=== To do ===
Copy out exactly the lines from the one with "Me with Copilot" through the last line of the listing below, both included, but none of the pictures.

=== Available data ===
-- Opening Marker --
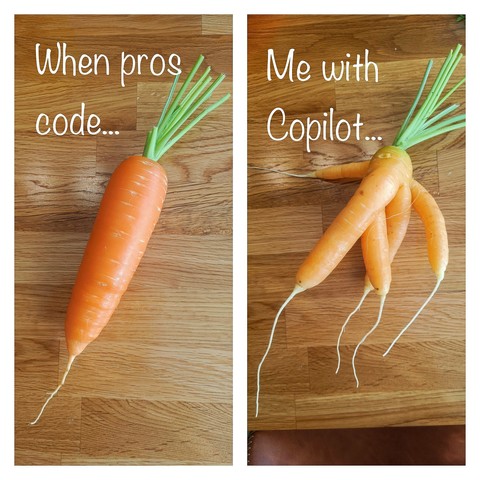 When pros code - a picture of a normal carrot.
Me with Copilot - a picture of a twisted deformed carrot with many roots.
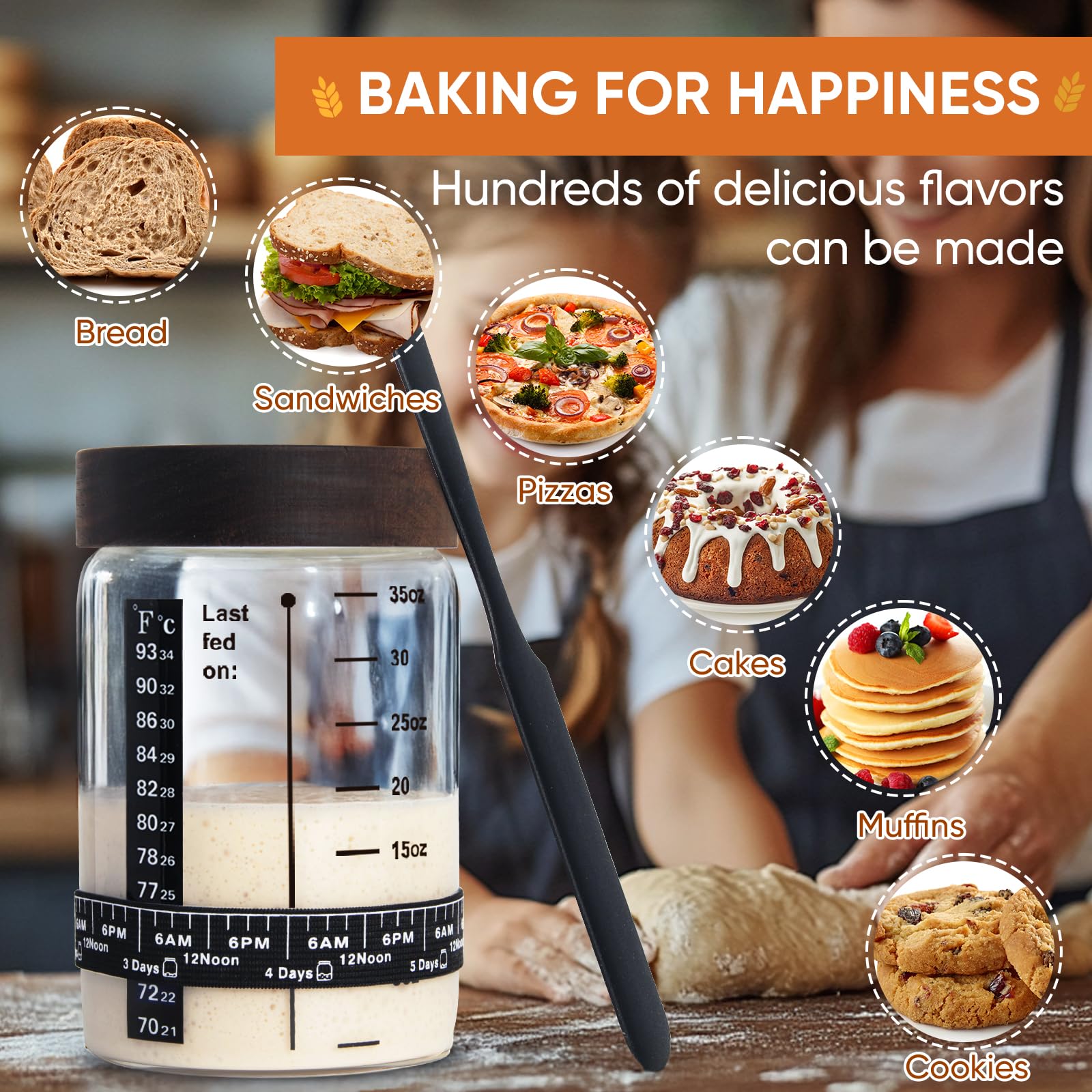 77L 35OZ Sourdough Starter Jars (2-Pack) - Premium Bread Baking Kit with Glass Jars for Homemade Sourdough - Perfect for Artisan Bread Making & Fermenting at Home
-- Closing Marker --
=== Answer section ===
Me with Copilot - a picture of a twisted deformed carrot with many roots.
 77L 35OZ Sourdough Starter Jars (2-Pack) - Premium Bread Baking Kit with Glass Jars for Homemade Sourdough - Perfect for Artisan Bread Making & Fermenting at Home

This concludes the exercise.